Study material →
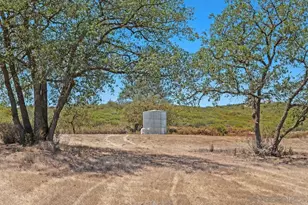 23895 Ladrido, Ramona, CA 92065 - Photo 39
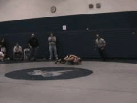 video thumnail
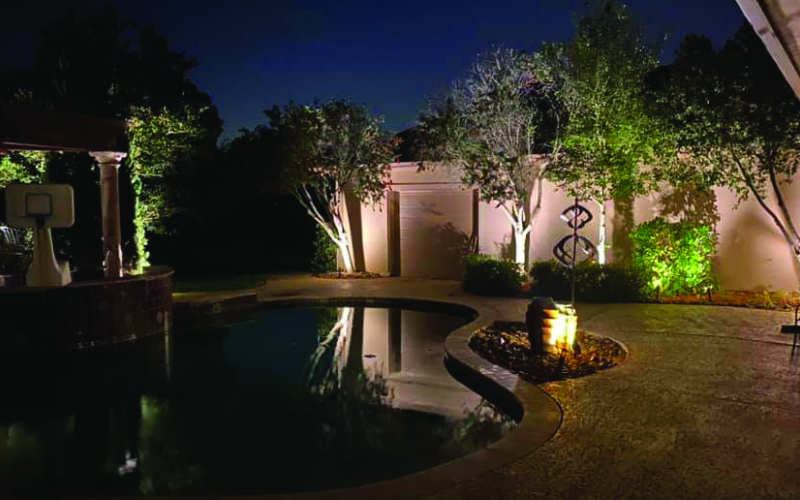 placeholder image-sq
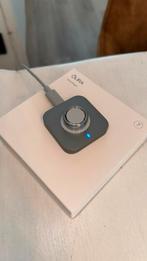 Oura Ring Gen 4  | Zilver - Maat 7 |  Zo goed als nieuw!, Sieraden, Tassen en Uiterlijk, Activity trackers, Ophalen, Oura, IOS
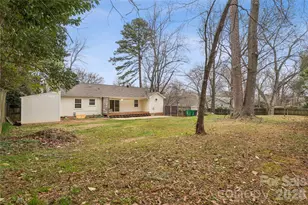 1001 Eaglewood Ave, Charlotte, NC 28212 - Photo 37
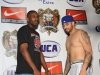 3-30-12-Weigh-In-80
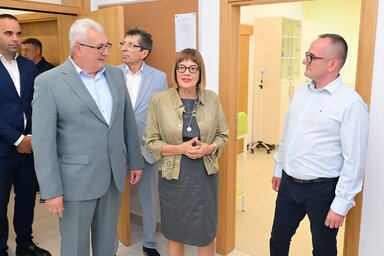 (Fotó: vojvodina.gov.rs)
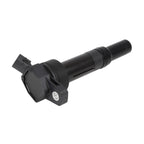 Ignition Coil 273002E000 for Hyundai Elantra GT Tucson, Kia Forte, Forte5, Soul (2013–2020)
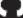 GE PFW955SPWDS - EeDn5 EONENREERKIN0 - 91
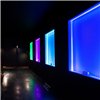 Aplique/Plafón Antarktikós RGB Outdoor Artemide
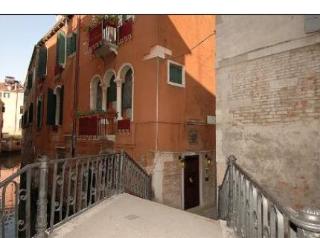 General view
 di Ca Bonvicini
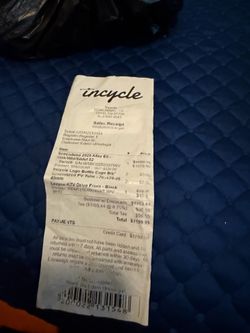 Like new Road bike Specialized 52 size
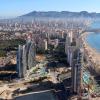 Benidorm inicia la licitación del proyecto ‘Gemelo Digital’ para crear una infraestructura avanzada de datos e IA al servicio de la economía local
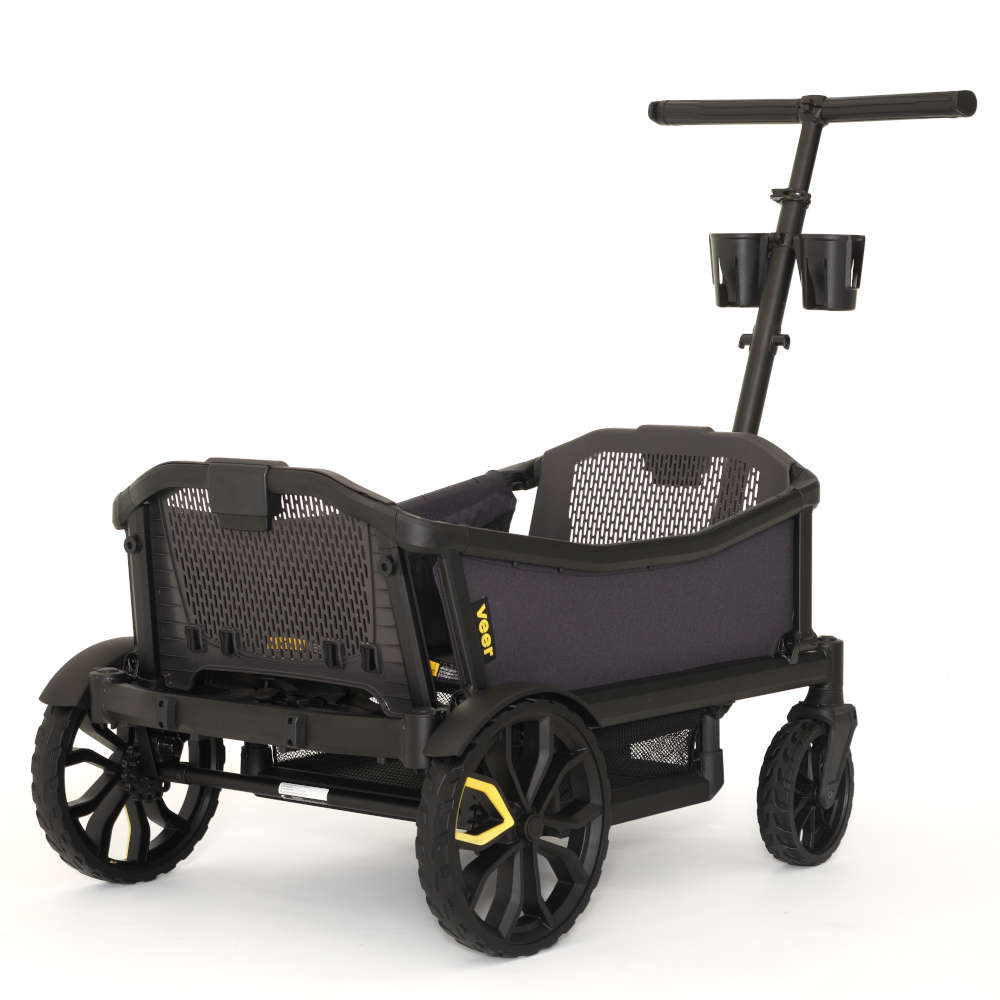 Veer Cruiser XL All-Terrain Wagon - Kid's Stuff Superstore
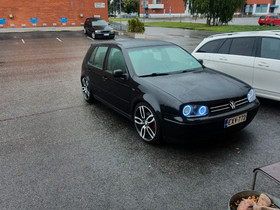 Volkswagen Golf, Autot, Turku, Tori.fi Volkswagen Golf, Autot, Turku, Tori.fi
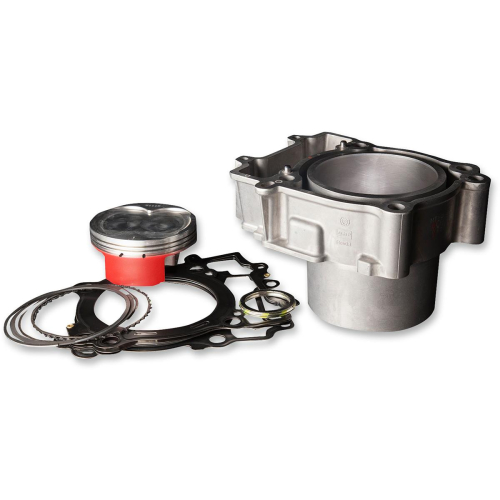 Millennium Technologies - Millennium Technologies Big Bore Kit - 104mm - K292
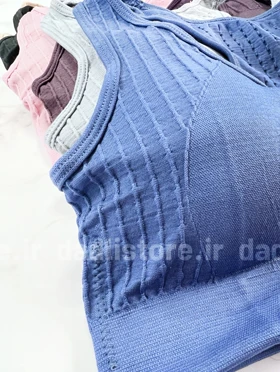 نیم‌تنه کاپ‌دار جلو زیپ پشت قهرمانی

The task →
Write out the records in full and exactly, omitting the pictures they hold.

Answer box →
 23895 Ladrido, Ramona, CA 92065 - Photo 39
 video thumnail
 placeholder image-sq
 Oura Ring Gen 4  | Zilver - Maat 7 |  Zo goed als nieuw!, Sieraden, Tassen en Uiterlijk, Activity trackers, Ophalen, Oura, IOS
 1001 Eaglewood Ave, Charlotte, NC 28212 - Photo 37
 3-30-12-Weigh-In-80
 (Fotó: vojvodina.gov.rs)
 Ignition Coil 273002E000 for Hyundai Elantra GT Tucson, Kia Forte, Forte5, Soul (2013–2020)
 GE PFW955SPWDS - EeDn5 EONENREERKIN0 - 91
 Aplique/Plafón Antarktikós RGB Outdoor Artemide
 General view
 di Ca Bonvicini
 Like new Road bike Specialized 52 size
 Benidorm inicia la licitación del proyecto ‘Gemelo Digital’ para crear una infraestructura avanzada de datos e IA al servicio de la economía local
 Veer Cruiser XL All-Terrain Wagon - Kid's Stuff Superstore
 Volkswagen Golf, Autot, Turku, Tori.fi Volkswagen Golf, Autot, Turku, Tori.fi
 Millennium Technologies - Millennium Technologies Big Bore Kit - 104mm - K292
 نیم‌تنه کاپ‌دار جلو زیپ پشت قهرمانی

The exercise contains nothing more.